Introduction to machine learning Flashcards
What is an AI?
Algorithm capable of learning and making decisions
What is the machine learning pipeline?
- Training: Load data Extract features Train model Evaluate - Testing: Load data Extract features Predict using model Evaluate
(Only difference is that you initally train, and then use the trained model when testing)
Briefly describe the 4 types of machine learning
- Supervised: Humans “teach” the algorithm
- Unsupervised: Algorithm does everything by itself
- Semi-supervised: In between the two previous
- Reinforcement: Algorithm left to itself, but gets
rewarded if it does something correctly
What is classification? How do you calculate loss in classification?
Classification is a classifier used in machine learning. The output is discrete. Loss i calculated by counting the number of misclassified samples.

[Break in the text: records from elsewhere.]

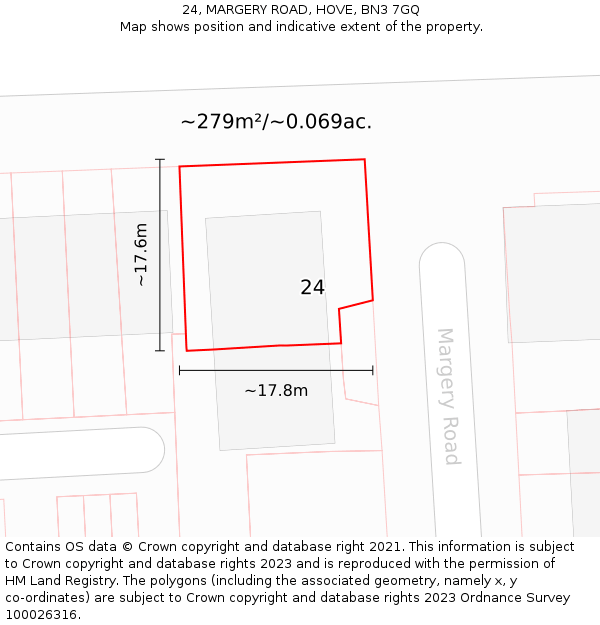 24, MARGERY ROAD, HOVE, BN3 7GQ: Plot and title map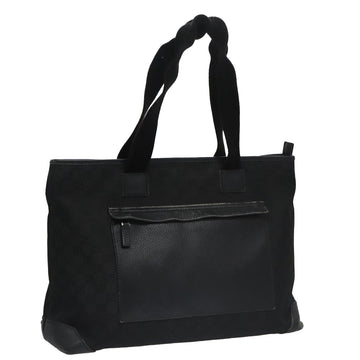 GUCCI GG Canvas Tote Bag Outlet Black Silver 180449 Auth ep7007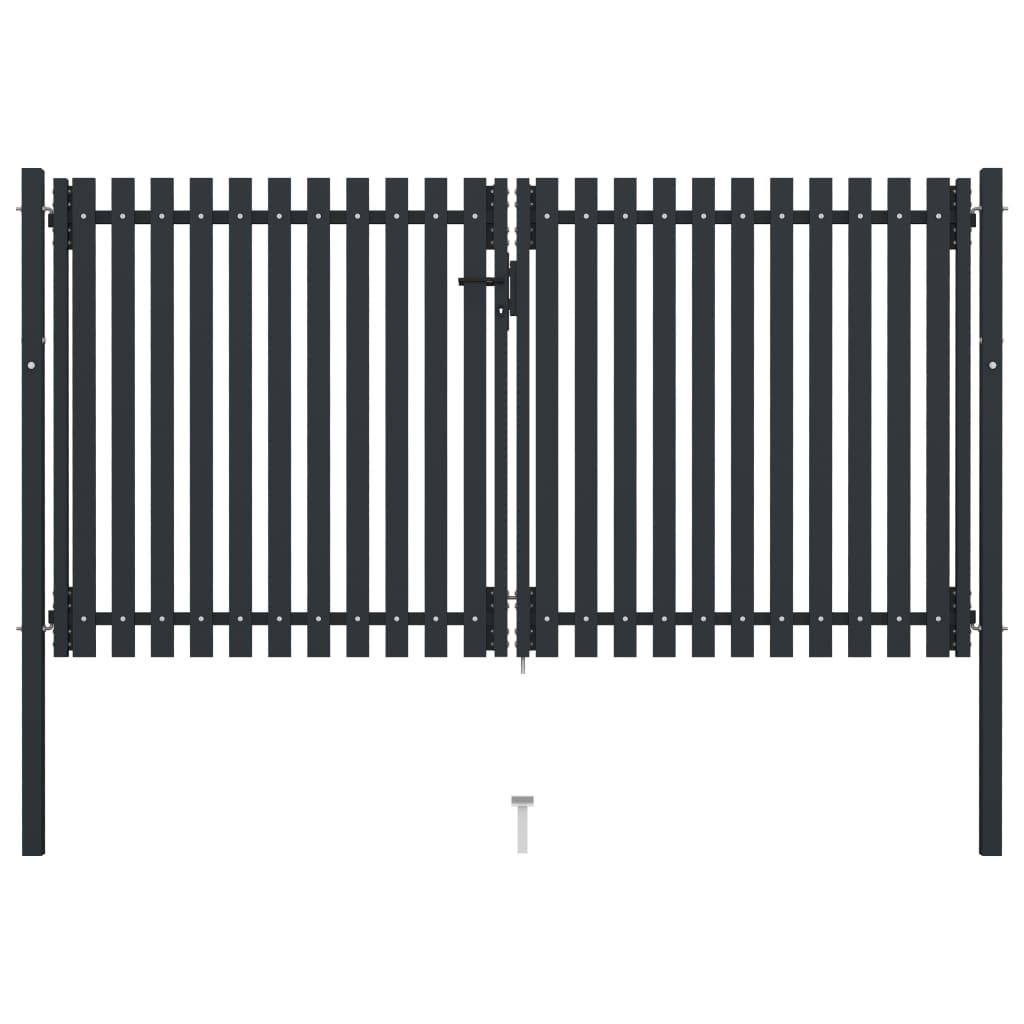 Vidaxl -Port Doppel 306x200 cm Stahl Anthrazit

What is regression? How do you calculate loss in regression?
Regression is another classifier. The output is continuous. Loss is calculated by squaring (to avoid outliers) and adding up and taking the average.
What are some other classifiers (besides classification and regression)?

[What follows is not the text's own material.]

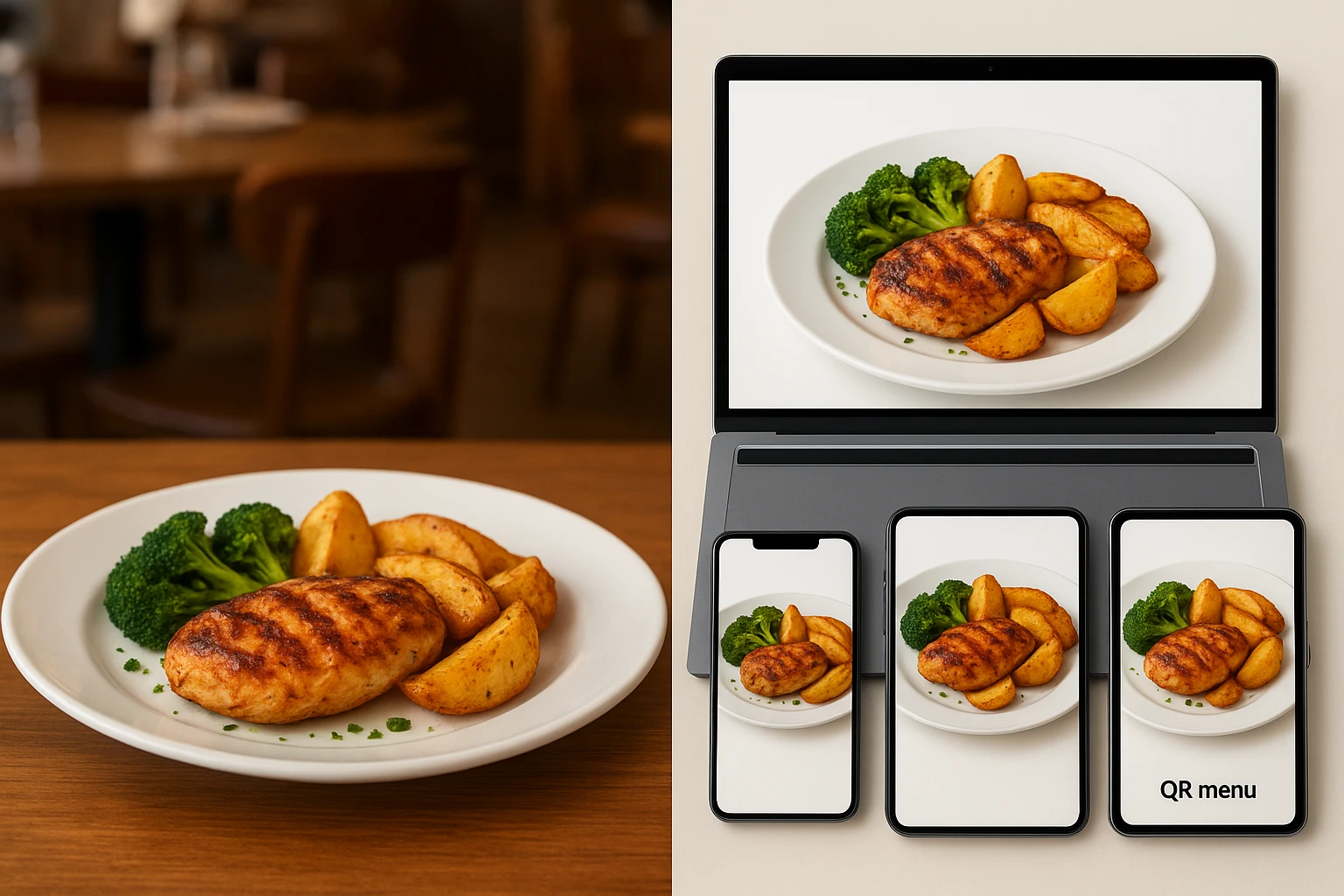 Side-by-side comparison of a real restaurant dish photo and multiple AI-styled variations on different marketing channels.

Mainly tree based models, like Random Forest. Works by using a combination of N decision trees.
What is bagging?
Combining several classifiers. Can reduce variance.
What is the difference between classification and regression? Explain with an example if possible.
Classification has a discrete (categorical). If you are trying to predict house prices, it can tell you which houses might sell for below or above the predicted price (categories).
Regression has a continuous output (numerical). So if predicting housing prices, it actually gives you the predicted price.